Complicated Table Structure Recognition

TL;DR

This work targets PDF table structure recognition, a challenging task when many tables contain spanning cells. It introduces GraphTSR, a graph neural network that treats table cells as vertices and cell relations as edges, using alternating edge-to-vertex and vertex-to-edge attention blocks to predict vertical/horizontal relations. To support evaluation, the authors curate SciTSR, a large-scale dataset of 15,000 PDF tables with structure labels derived from LaTeX, and provide detailed experimental results showing strong gains over baselines, especially on complicated tables. The approach demonstrates superior generalization across datasets and underscores the importance of modeling local graph structure with attention mechanisms for accurate reconstruction of complex table schemes. These contributions advance automatic table understanding in PDFs and offer a practical resource for future research.

Abstract

The task of table structure recognition aims to recognize the internal structure of a table, which is a key step to make machines understand tables. Currently, there are lots of studies on this task for different file formats such as ASCII text and HTML. It also attracts lots of attention to recognize the table structures in PDF files. However, it is hard for the existing methods to accurately recognize the structure of complicated tables in PDF files. The complicated tables contain spanning cells which occupy at least two columns or rows. To address the issue, we propose a novel graph neural network for recognizing the table structure in PDF files, named GraphTSR. Specifically, it takes table cells as input, and then recognizes the table structures by predicting relations among cells. Moreover, to evaluate the task better, we construct a large-scale table structure recognition dataset from scientific papers, named SciTSR, which contains 15,000 tables from PDF files and their corresponding structure labels.
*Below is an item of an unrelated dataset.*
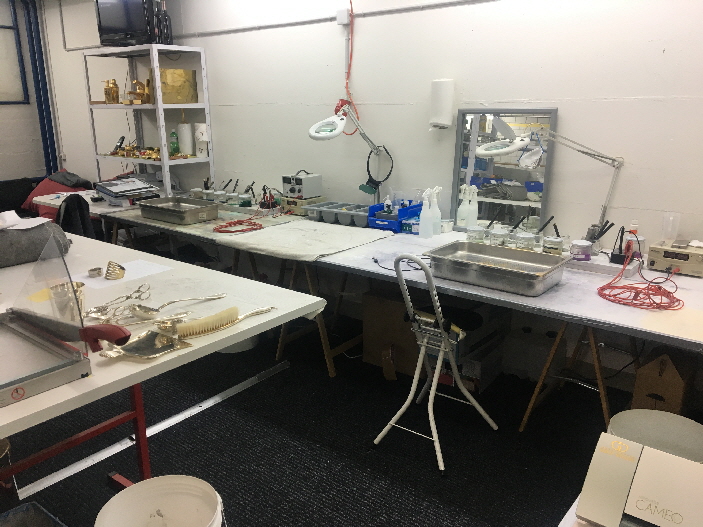 Kristallglanz GmbH und Gold Deluxe gehren Urs Fischer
Extensive experiments demonstrate that our proposed model is highly effective for complicated tables and outperforms state-of-the-art baselines over a benchmark dataset and our new constructed dataset.

Paper Structure

This paper contains 27 sections, 7 equations, 6 figures, 5 tables.

Figures (6)

  • Figure 1: An intuitive example of a complicated table with spanning cells. The example table is shown in (a), and (b) is the real structure of the dashed box area. The recognized structure by existing methods are shown in (c) - (e). Note that in (c), the four cells on the right side are incorrectly recognized as a single cell.
  • Figure 2: Overview of our method. Given a table in PDF as input, our method recognize its structure by the following four steps: (a) Pre-processing: obtaining cell contents and their corresponding bounding box from PDF; (b) Graph construction: building an undirected graph on these cells; (c) Relation prediction: predicting adjacent relations by our proposed GraphTSR; (d) Post-processing: recovering table structure from the labeled graph.
  • Figure 3: The architecture of our proposed GraphTSR.
  • Figure 4: The construction pipeline of SciTSR dataset.
  • Figure 5: A sample from results on SciTSR-COMP. Cells are marked with different colors to distinguish from each other.